One Weibo user (@你的小鱼干爸爸) created yet another humorous meme about two security guards purposely refraining from apprehending Di. The comments attributed to the guards read, “If we don’t catch him, we can keep running,” and “Do you think the three of us are good actors?” Mr. Di’s response in the meme is, “You two stick by my side. I’ll lend you a hand in flying.”

 

3. “We’re all family” meme

Another popular meme showed a security guard at the stadium, wearing Messi’s blue-and-white soccer shirt underneath his uniform.

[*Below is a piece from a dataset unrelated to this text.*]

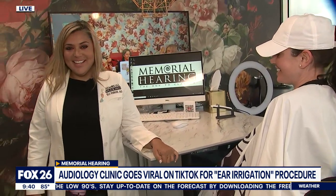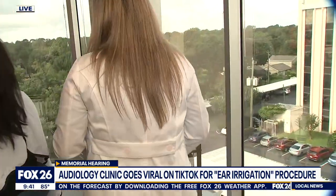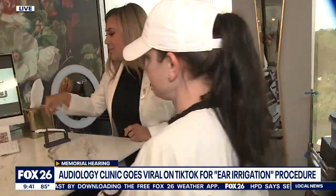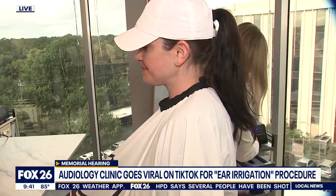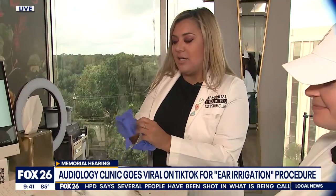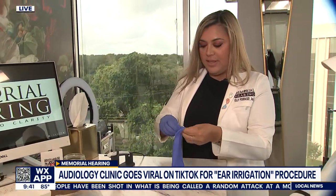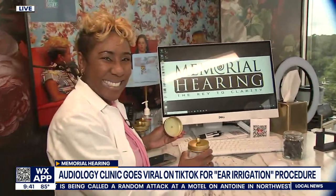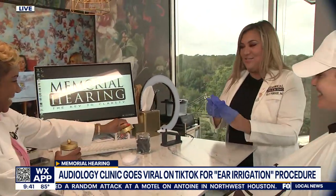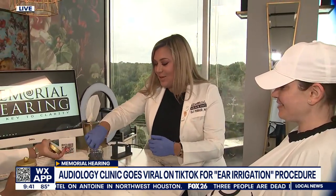So basically the first thing we do is look at the ears. And then the next thing we normally do is make sure there's not a perforation or hole in the eardrum, because if there is, water could be a problem. This is Dr. Wiggins — she's another doctor here and my assistant for today. So we look in the ears.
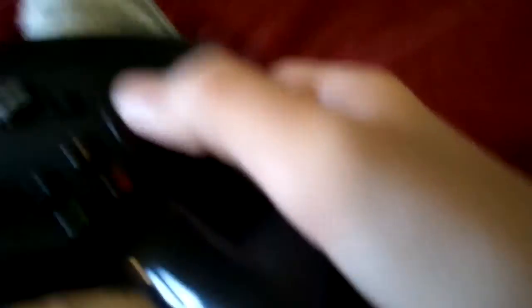We got the d-pad, a circle pad thing, and what is that — probably a trackpad — and then the A, B, X, Y buttons. Steam button, start, stop. We got some triggers and some sort of charging port. Well, if it runs on batteries, that'd be stupid.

The comment reads “we are all family,” implying that the security guards are also big fans of Messi, like Mr. Di.

 

4. Dragged away like a pig meme

Netizens made fun of the moment Di was carried away – a big smile on his face – by comparing it to the image of a pig being dragged by multiple people.

 

5. Taobao sellers jump in on the hype

Meanwhile, e-commerce platforms are also capitalizing on this trending topic. The shoes worn by Di, a pair of Yonex badminton shoes, have garnered significant attention. On Taobao, the product has been cleverly marketed as “Messi fan’s signature style” badminton shoes, featuring background images of Di embracing Messi.

 

6. A scientific approach

Some science-related WeChat accounts are also using this incident to educate people on proper exercise. The public health account Dingxiang Doctor (丁香医生) released an article titled “A Fan Rushes onto the Field to Embrace Messi: Regretting the Lack of Warm-up (Let Us Teach You)” to underscore the importance of warming up before physical activity.

Likewise, the popular science blogger Bi Dao (毕导) published an article exploring Di’s average running speed throughout the entire incident and arrived at an average of 6.4 meters per second.

.

 

7. A new idol meme

Another meme that is making its rounds on Chinese social media is a photoshopped image of Messi holding an image of him and Di’s unexpected meeting on the field. As Di has become so famous overnight, he has practically become an idol himself.

 

8. The ‘main character’ meme

Numerous Chinese social media users perceive the young man as a symbol of freedom and defiance, sentiments that have been suppressed by the burdensome work culture, economic crisis, COVID-19 restrictions, and political censorship. In response, certain memes depict Di as the protagonist of his own heroic film.

“We yearn for a moment of rule-breaking and liberation from the pressures to wholeheartedly enjoy ourselves,” expressed a widely shared commentary on WeChat. “This young man has fulfilled that desire on our behalf.”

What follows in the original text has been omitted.